Alors ça y est, Nicky est parti. Prendre sa tête dans ses mains, souffler un bon coup. En signe de tristesse, de dépit. D’impuissance. J’écris ces mots et je ne sais quoi mettre derrière. Depuis son accident, nous savions que ses chances de survie étaient très faibles. Mais nous y croyions pourtant, malgré tout. Parce que Nicky était un battant. Parce que nous l’aimions. Parce que c’est comme ça.
J’avais 6 ans quand Nicky Hayden est arrivé en MotoGP. Ses débuts en championnat du monde coïncidaient avec mes premiers pas dans l’univers de la compétition moto. J’ai grandi en le regardant rouler, évoluer, puis gagner. Je me souviens de sa première victoire à Laguna Seca, en 2005. Encore plus de celles décrochées en 2006, dont une – à Assen – au terme d’un superbe duel face à son compatriote Colin Edwards. Cette fameuse saison 2006 où, déjouant de nombreux pronostics, le carénage frappé du 69 est devenu numéro un mondial.
Beaucoup lui ont reproché ce couronnement, parce qu’il n’avait – soi-disant – pas remporté suffisamment de courses (deux dans l’année). Certes, mais il n’en est pas moins monté sur 10 podiums, terminant 14 fois parmi les cinq premiers avec un unique résultat blanc – et non de sa faute, puisqu’il s’était fait accrocher par son jeune coéquipier Dani Pedrosa. À lui tout seul, Nicky avait prouvé (ou plutôt rappelé) une chose : la régularité est l’une des clés pour qui souhaite devenir champion du monde.
Je me souviens d’une publication de Moto Journal datant de la même année, qui suivait le Grand Prix des États-Unis. L’introduction des pages sportives titrait : « Hayden fait le break, Rossi casse ». L’image qui l’accompagnait était celle d’un Nicky en larmes, simplement heureux de son triomphe. « C’est juste beau », dirait un certain Pascal Dupraz. Ça m’a marqué. Quelques mois plus tard, même scène à Valencia ; ce talentueux pilote de 25 ans devenait le premier à détrôner Valentino Rossi depuis la fin de l’ère des 500cm3. Récemment, l’Italien a tout dit de son ancien adversaire en une phrase : « Perdre contre quelqu’un que l’on apprécie rend la défaite plus agréable. »

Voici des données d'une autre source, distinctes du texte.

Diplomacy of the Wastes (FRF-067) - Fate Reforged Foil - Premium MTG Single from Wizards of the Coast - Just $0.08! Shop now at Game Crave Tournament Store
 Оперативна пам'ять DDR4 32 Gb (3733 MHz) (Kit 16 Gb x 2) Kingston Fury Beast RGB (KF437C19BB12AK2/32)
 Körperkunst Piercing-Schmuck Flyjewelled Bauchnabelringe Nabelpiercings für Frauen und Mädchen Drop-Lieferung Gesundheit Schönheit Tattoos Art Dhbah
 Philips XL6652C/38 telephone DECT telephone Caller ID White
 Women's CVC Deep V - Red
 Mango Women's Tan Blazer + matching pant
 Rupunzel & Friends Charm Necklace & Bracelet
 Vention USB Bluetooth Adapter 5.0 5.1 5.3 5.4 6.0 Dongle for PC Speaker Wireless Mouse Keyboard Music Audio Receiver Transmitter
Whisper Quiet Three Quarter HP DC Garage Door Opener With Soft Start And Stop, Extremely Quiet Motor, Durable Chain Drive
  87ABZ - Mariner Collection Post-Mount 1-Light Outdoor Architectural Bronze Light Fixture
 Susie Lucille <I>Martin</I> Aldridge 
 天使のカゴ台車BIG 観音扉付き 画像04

C’était cela, le sentiment qu’Hayden dégageait. Celui d’un homme sympathique, souriant, chaleureux. Face à qui perdre n’est finalement pas si terrible, car on sait que l’on perd contre un « bon gars ». Qu’en dire de plus ? Je ne l’ai pas personnellement connu, ni interviewé. D’autres auront des mots plus justes, sans doute plus fins. Ma vision, mes souvenirs, sont ceux d’un enfant, d’un adolescent qui regardait les courses dans son salon, avec son père. Par la suite, j’ai croisé Nicky à plusieurs reprises dans les paddocks. Il me reste de lui une photo prise en 2011 au Mans : le soleil se couchait, il déambulait tranquillement, pantacourt noir et bob Ducati sur la tête. Une attitude simple et cool, qui reflète bien le personnage. Et un sportif accompli. Bref, un champion.
Depuis son départ de la catégorie MotoGP, nous n’avons cessé de nous tenir au courant de ce que devenait Nicky Hayden. Quelle joie de le revoir en GP il y a un an, d’abord chez Marc VDS puis avec Repsol Honda, où il disait avoir pris tant de plaisir. Plus grand encore fut le bonheur avec laquelle nous accueillîmes son succès de Sepang en Superbike, un retour à la victoire après une décennie de disette.
Ceci n’est pas un article ordinaire, ni un « billet d’humeur », comme on dit dans le jargon. Ce soir, ma plume n’est pas journalistique. Il s’agit simplement d’un texte de partage, celui de la manière dont je me souviendrai de Nicky. Nicky est parti, et c’est dur à encaisser. Il nous confiait, en février dernier, vouloir « devenir le premier pilote de l’histoire à gagner les deux championnats MotoGP et Superbike ». À titre personnel, j’aurais tant voulu que ce soit le cas.
Son frère Tommy a trouvé les mots justes : se souvenir lui heureux, donc sur une moto. Alors souvenons-nous. Aurevoir Nicky, et repose en paix. Merci d’avoir accompagné une partie de ma vie, et contribué à mon amour du sport. Je ne t’oublierai jamais. Nous ne t’oublierons jamais.